▶ [WORK ORDER] Look below for the line with "An additional source of"; begin the copy there and stop after the line with "Four months after", keeping the text exact and the pictures out.

▶ [RECORDS FOR THE EXERCISE]
· · ·

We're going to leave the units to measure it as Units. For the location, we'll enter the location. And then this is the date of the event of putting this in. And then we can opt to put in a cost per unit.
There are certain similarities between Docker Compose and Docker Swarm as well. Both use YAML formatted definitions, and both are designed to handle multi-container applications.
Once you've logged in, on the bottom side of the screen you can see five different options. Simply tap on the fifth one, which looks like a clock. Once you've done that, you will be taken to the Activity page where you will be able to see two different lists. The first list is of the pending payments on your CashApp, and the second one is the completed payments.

· · ·

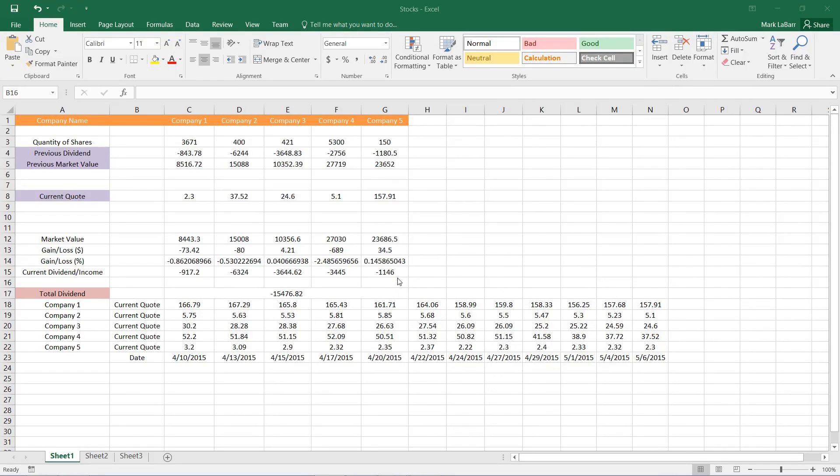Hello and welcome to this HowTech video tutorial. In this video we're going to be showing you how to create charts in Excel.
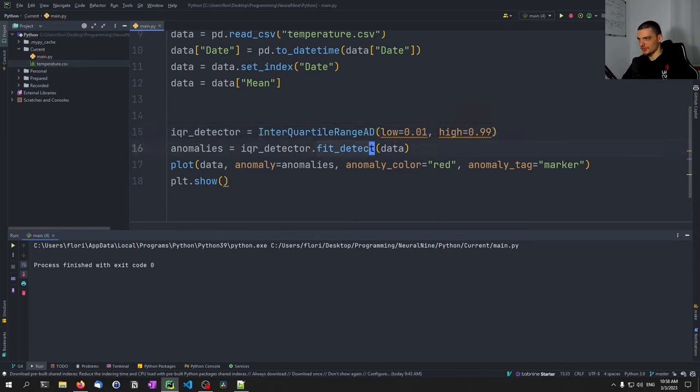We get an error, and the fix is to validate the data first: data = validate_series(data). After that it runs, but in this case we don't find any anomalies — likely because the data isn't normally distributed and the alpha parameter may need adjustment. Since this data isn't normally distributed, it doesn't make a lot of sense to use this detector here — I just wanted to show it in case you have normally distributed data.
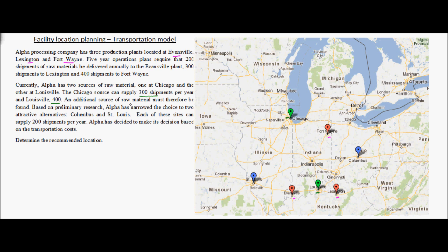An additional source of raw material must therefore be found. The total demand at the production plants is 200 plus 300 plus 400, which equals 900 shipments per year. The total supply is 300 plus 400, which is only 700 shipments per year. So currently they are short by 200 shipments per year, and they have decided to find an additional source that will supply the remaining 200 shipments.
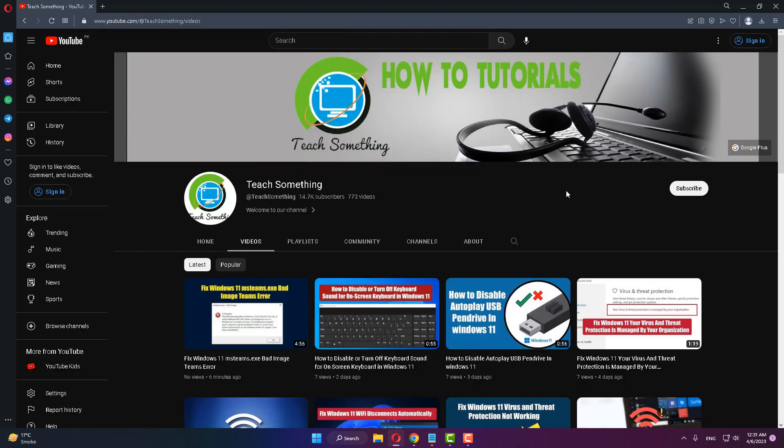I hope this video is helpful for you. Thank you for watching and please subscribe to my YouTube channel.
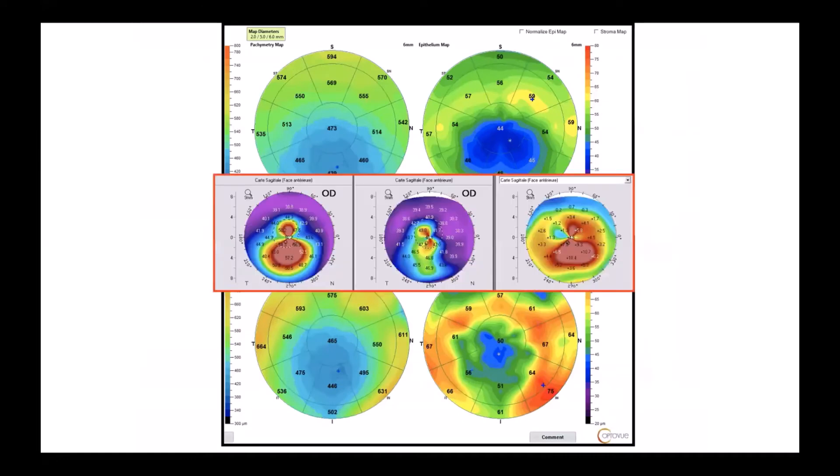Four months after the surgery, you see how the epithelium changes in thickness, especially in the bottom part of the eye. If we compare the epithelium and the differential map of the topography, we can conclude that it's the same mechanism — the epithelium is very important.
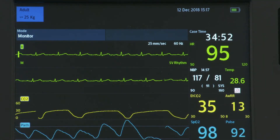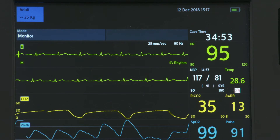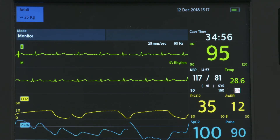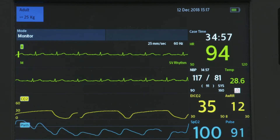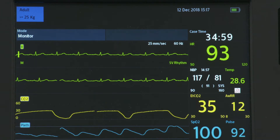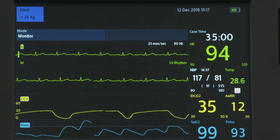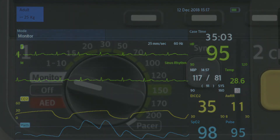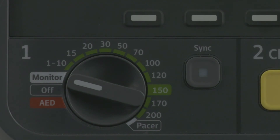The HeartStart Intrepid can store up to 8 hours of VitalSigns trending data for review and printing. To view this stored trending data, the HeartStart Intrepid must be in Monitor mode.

· · ·

▶ [RESULT]
An additional source of raw material must therefore be found. The total demand at the production plants is 200 plus 300 plus 400, which equals 900 shipments per year. The total supply is 300 plus 400, which is only 700 shipments per year. So currently they are short by 200 shipments per year, and they have decided to find an additional source that will supply the remaining 200 shipments.
I hope this video is helpful for you. Thank you for watching and please subscribe to my YouTube channel.
Four months after the surgery, you see how the epithelium changes in thickness, especially in the bottom part of the eye. If we compare the epithelium and the differential map of the topography, we can conclude that it's the same mechanism — the epithelium is very important.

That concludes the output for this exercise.